Sylvia Murphy, the long-time partner of Dennis O’Shea was interviewed on Cork’s Red Fm radio this morning.
“It was the weirdest thing ever.” She told presenter Neil Prenderville.
“Dennis was just sitting there enjoying a can of Murphy’s Stout when he suddenly said, ‘Do you know what Girl? I think we should take one of those weekend break things and go to Dublin. I hear ’tis nice.’
“I nearly fell off the settee, I did Neil.” She told the Nation’s number-one radio host.
“I mean buoy, why would anyone want to go to Dublin, even for a weekend? What’s in Dublin that we don’t already have bigger and better here in Cork?” She asked.

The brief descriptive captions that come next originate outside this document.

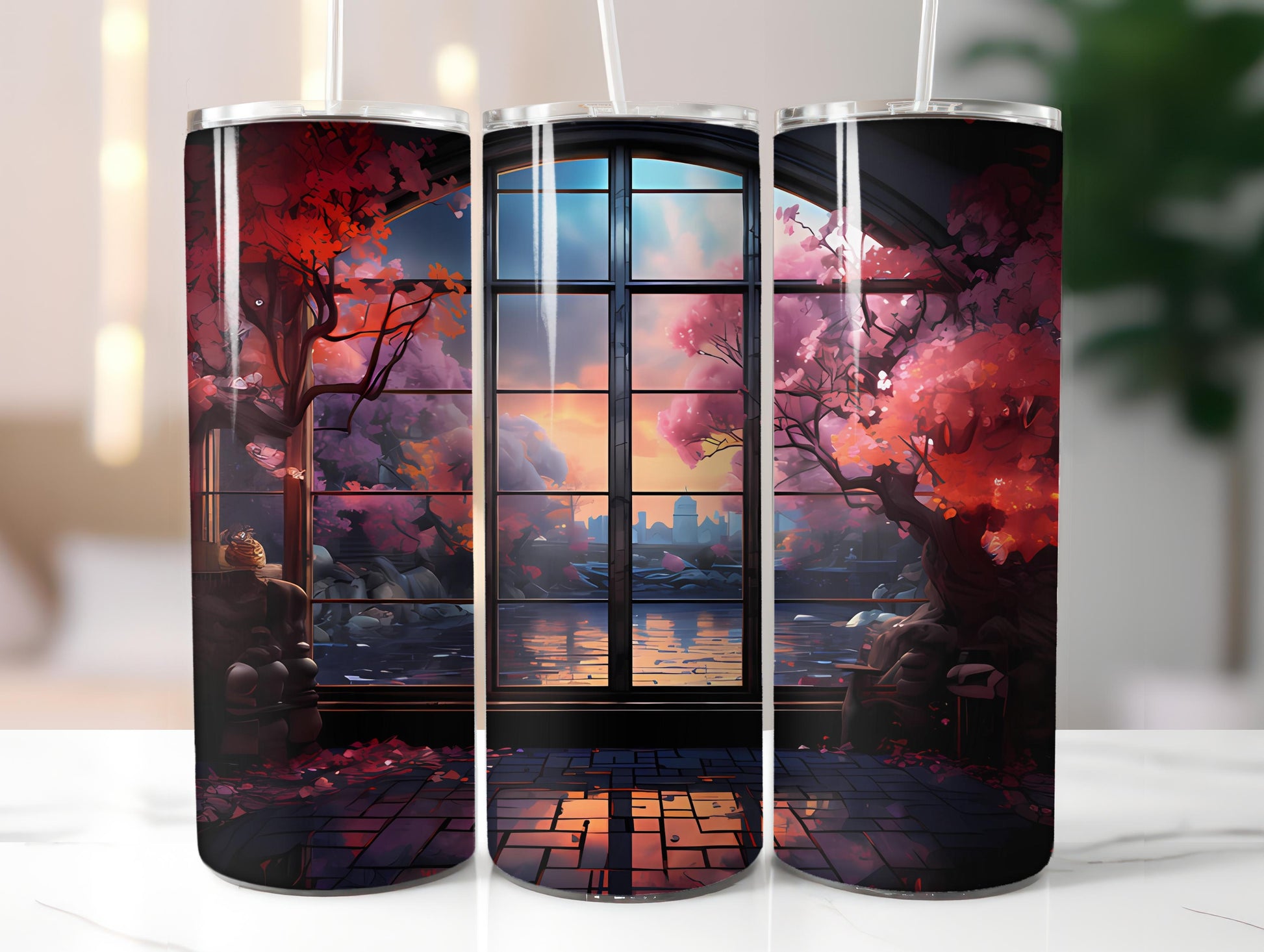 Industrial Spring 4 Tumbler Wrap - CraftNest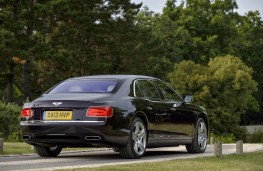 Bentley Flying Spur, rear action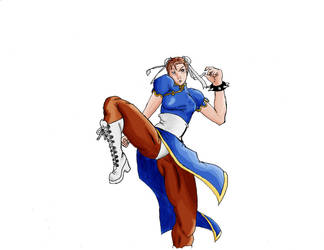 Chun Li Color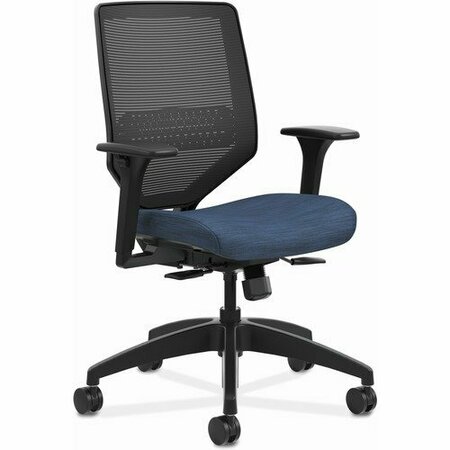 OFM HON Solve Mid-Back Task Chair Black Midnight HONSVM1ALC90TK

“That was bad enough.” She continued before going on to describe how lately she had begun to notice her partner acting strangely.
“He’s begun to come out with stuff like ‘Patrick’s Street is like a smaller version of Grafton Street and I could murder a pint of Guinness.’ The worst thing was the other night I came home early from work and caught him watching FairCity.
I really am very worried Buoy,” she sobbed down the line.
A spokesperson for Cork’s University Hospital Dr Finbar Lynch confirmed that they were treating O’Shea for a suspected inferiority complex.
“It’s not the worse case we have seen, as such this patient is still at the doubting stage.” He told the media. “It normally manifests itself with the early signs of Cork people sometimes thinking that other places might be as good as Cork. We refer to that as early onset but if not treated promptly it can develop into what we call a full-blown inferiority complex.”
Dr Lynch explained “Full-blown IC is where Cork people actually begin to believe those other cities are bigger and better than Cork. That needs major and intensive therapy to cure,” he said.
Danger to the Public
Dr Lynch did admit that there is a moderate danger to the public. ” “Inferiority Complex issues can be contagious.” He told us.
“Unfortunately if sufferers are left undiagnosed they can contaminate others through simple social interaction. Like, for example, if they are out for a pint and compliment the DART or LUAS systems. It can spread like wildfire then.
It’s lucky we caught this case in time.”
MeanwhileinIreland News has learned that Cork City Council in a bid to eradicate any further outbreaks is to instigate a loudspeaker playing of looped versions of On the Banks and The Boys of Fairhill.
Shandon Bells will also be rung continuously until the danger has passed.
If you are from Cork and have been affected by the above the Samaritans can be contacted on Freephone 116 023 and ask for a native Cork speaker.